» WHAT TO WORK ON: Your copy should begin at the line containing "New 2026 Chevrolet" and end at the last line of the records; transcribe those lines exactly and leave out every picture.

(Caption-style text data)

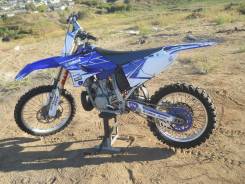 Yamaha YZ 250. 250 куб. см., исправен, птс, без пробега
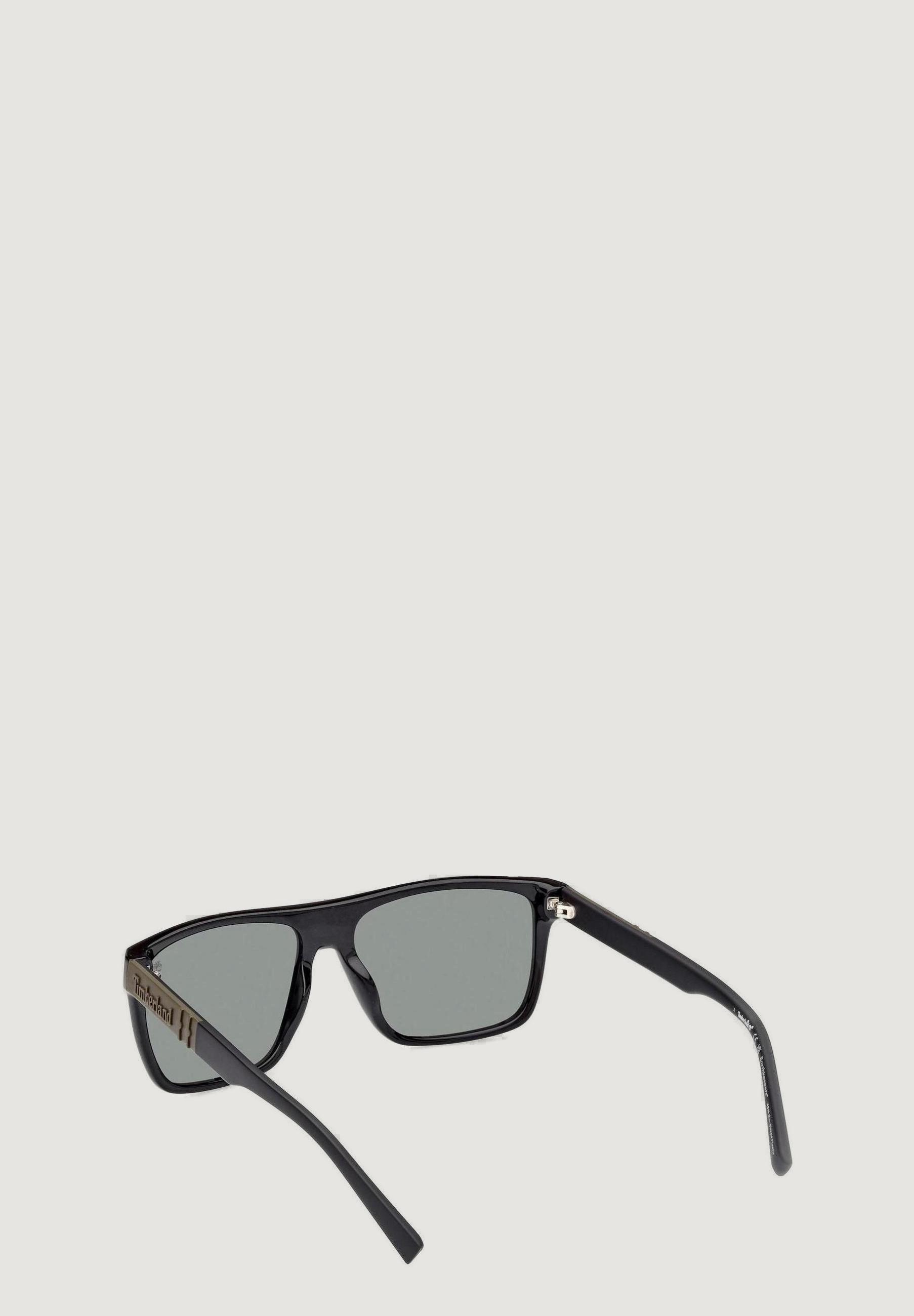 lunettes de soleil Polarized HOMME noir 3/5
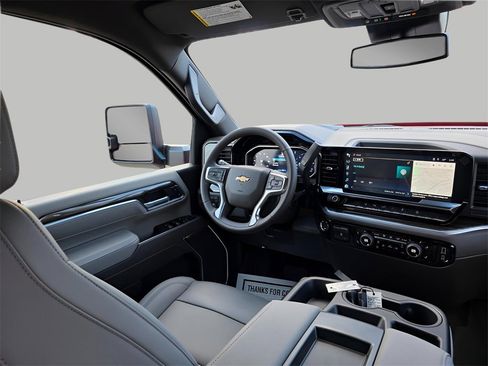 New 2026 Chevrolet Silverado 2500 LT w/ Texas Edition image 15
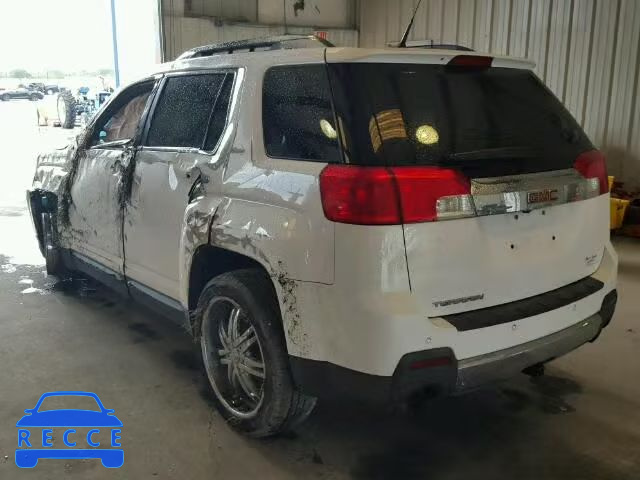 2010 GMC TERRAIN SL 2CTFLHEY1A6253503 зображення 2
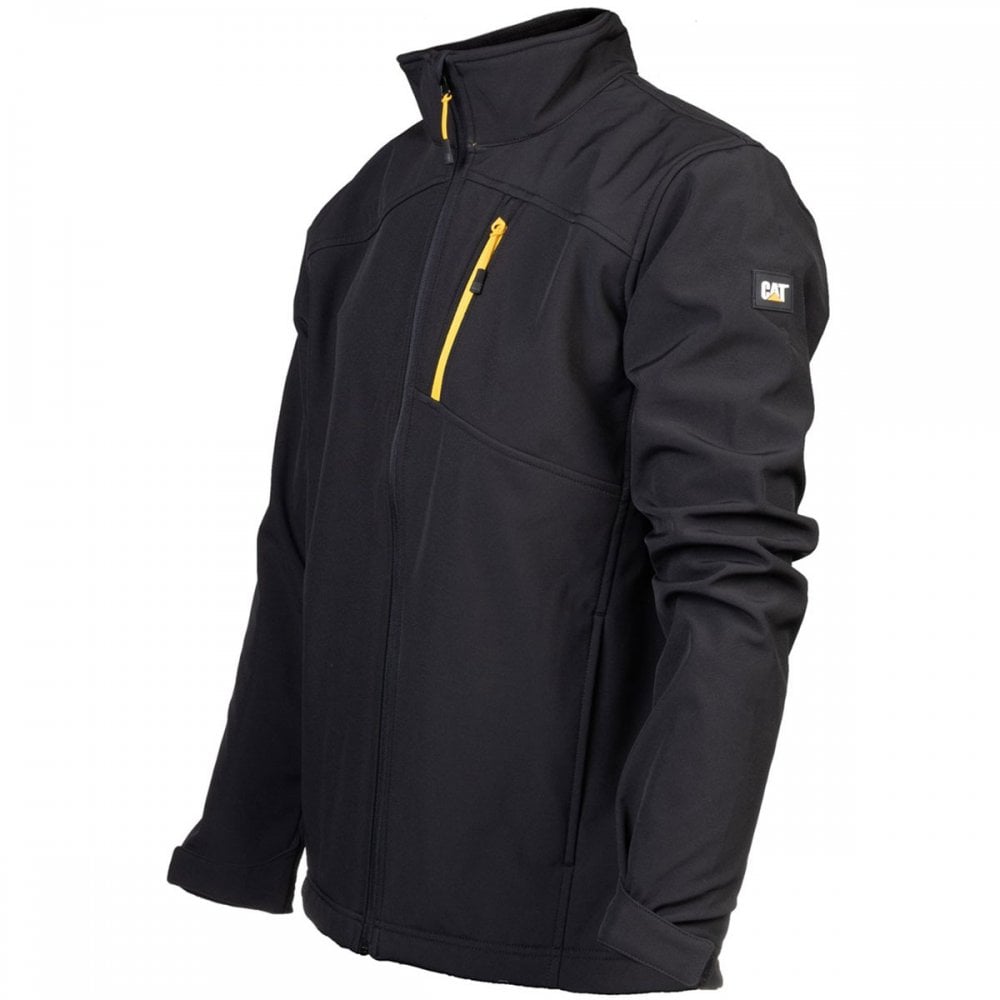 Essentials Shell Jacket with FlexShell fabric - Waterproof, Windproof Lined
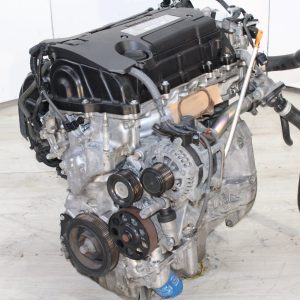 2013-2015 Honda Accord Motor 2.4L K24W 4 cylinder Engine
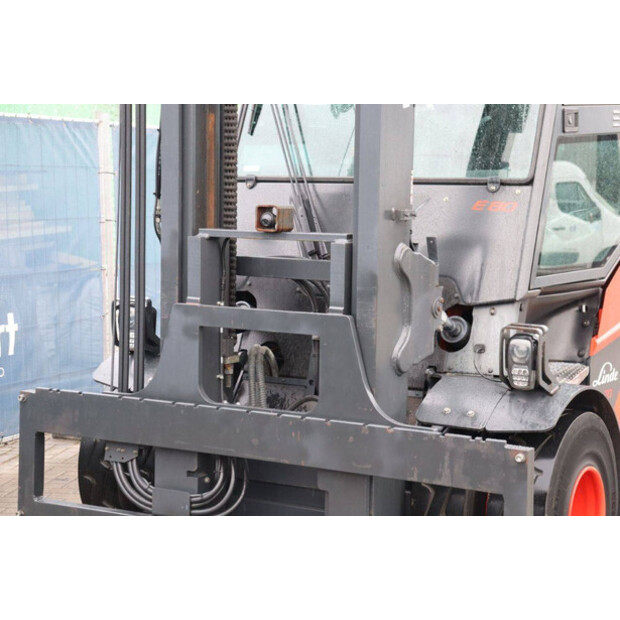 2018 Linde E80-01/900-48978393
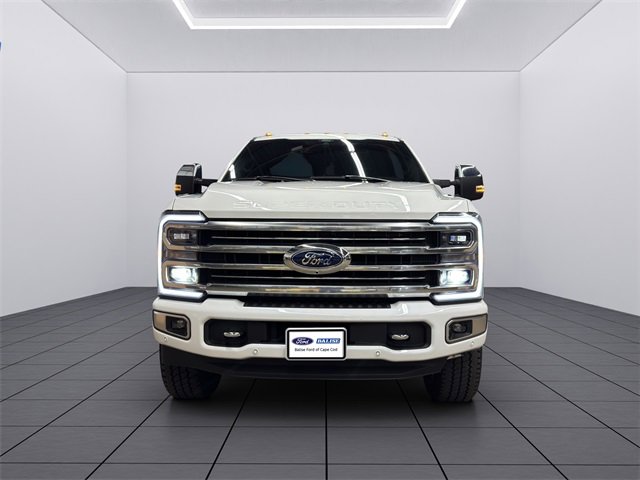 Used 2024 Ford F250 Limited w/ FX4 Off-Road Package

» YOUR RESPONSE:
 New 2026 Chevrolet Silverado 2500 LT w/ Texas Edition image 15
 2010 GMC TERRAIN SL 2CTFLHEY1A6253503 зображення 2
 Essentials Shell Jacket with FlexShell fabric - Waterproof, Windproof Lined
 2013-2015 Honda Accord Motor 2.4L K24W 4 cylinder Engine
 2018 Linde E80-01/900-48978393
 Used 2024 Ford F250 Limited w/ FX4 Off-Road Package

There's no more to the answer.